PROBLEM TO WORK ON >> Everything in the records below except the images should be output exactly as written.

EXTRACTED MATERIAL >>
• • • • •
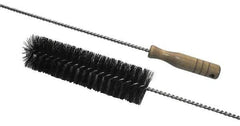 Schaefer Brush - 2-1/8" Diam, 7" Bristle Length, Boiler & Furnace Fiber Brush - Standard Wood Handle, 48" OAL - Caliber Tooling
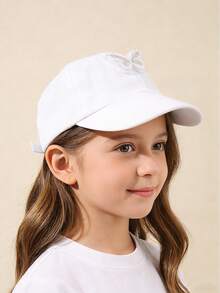 3/1 Set Random White, Beige, Pink Girls Baseball Cap, 3D Butterfly Decor, Lively & Cute, Suitable For Girls Summer Sun Hat, Match All Outfits, Outdoor Travel & Holiday, Beach Hat, Valentine's Day & Thanksgiving Gift - Multicolor - View 4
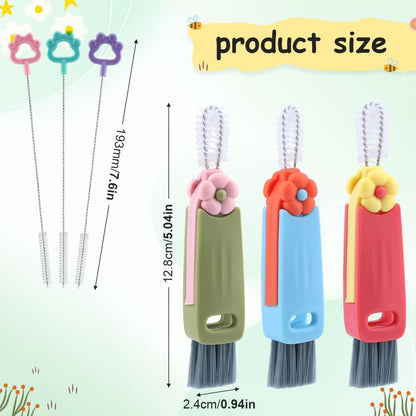 6pack Cleaner Brush Set, 3 in 1 Cup Lid Cleaning Brush and 7.6inch Straw Brush Crevice Cleaning Brush for Water Bottle Gap Lid(2style/6pcs)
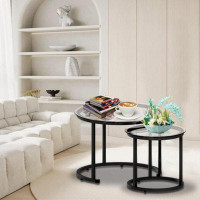 VEENOVA Black Nested Coffee Glass Table Set Of 2, Metal Frame Edge Coffee Table, Living Room, Bedroom, Apartment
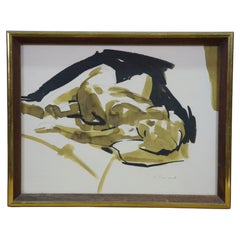 Elmer Tomasch Abstract Reclining Nude Watercolor Painting 12"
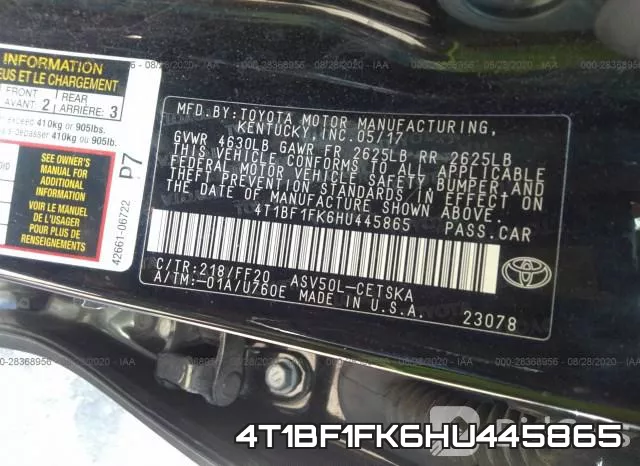 4T1BF1FK6HU445865 фото 10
• • • • •
RESULT FOR THIS TASK >>
 Schaefer Brush - 2-1/8" Diam, 7" Bristle Length, Boiler & Furnace Fiber Brush - Standard Wood Handle, 48" OAL - Caliber Tooling
 3/1 Set Random White, Beige, Pink Girls Baseball Cap, 3D Butterfly Decor, Lively & Cute, Suitable For Girls Summer Sun Hat, Match All Outfits, Outdoor Travel & Holiday, Beach Hat, Valentine's Day & Thanksgiving Gift - Multicolor - View 4
 6pack Cleaner Brush Set, 3 in 1 Cup Lid Cleaning Brush and 7.6inch Straw Brush Crevice Cleaning Brush for Water Bottle Gap Lid(2style/6pcs)
 VEENOVA Black Nested Coffee Glass Table Set Of 2, Metal Frame Edge Coffee Table, Living Room, Bedroom, Apartment
 Elmer Tomasch Abstract Reclining Nude Watercolor Painting 12"
 4T1BF1FK6HU445865 фото 10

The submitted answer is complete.